Mortgage Forecast Dims as High Rates Linger
MBA cuts its estimate for originations by 6% through the end of 2024 as the economy shows resilience and Feds raise rates.
The Mortgage Bankers Association (MBA) lowered its expectations for originations by about 6% through the end of 2024 as interest rates remain much higher than its earlier forecasts and home sales dipped in July.
The National Association of Realtors (NAR) reported Tuesday that existing homes sold at a seasonally adjusted annual rate of 4.07 million in July, down 2.2% from June and down 16.6% from July 2022.
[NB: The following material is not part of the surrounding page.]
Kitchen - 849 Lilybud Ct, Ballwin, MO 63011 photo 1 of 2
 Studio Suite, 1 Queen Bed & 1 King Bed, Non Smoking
“Two factors are driving current sales activity — inventory availability and mortgage rates,” NAR Chief Economist Lawrence Yun said. “Unfortunately, both have been unfavorable to buyers.”
The MBA’s forecast dated Monday amplified the drop in originations this year by both lowering expectations for 2023’s second half while also raising its estimates of 2022 originations by 2.7%. Estimates for this year’s first half were unchanged. The MBA said it still expects both purchase and refinance originations to begin showing gains from year-ago levels in the fourth quarter, but with smaller gains than shown in its previous forecast dated July 20.
Purchase originations for the second half were revised downward 2.5% to $734 billion, which would be 0.7% lower than a year earlier. Second-half refinance originations were lowered 17% to $175 billion, which would be 7.4% higher than a year earlier.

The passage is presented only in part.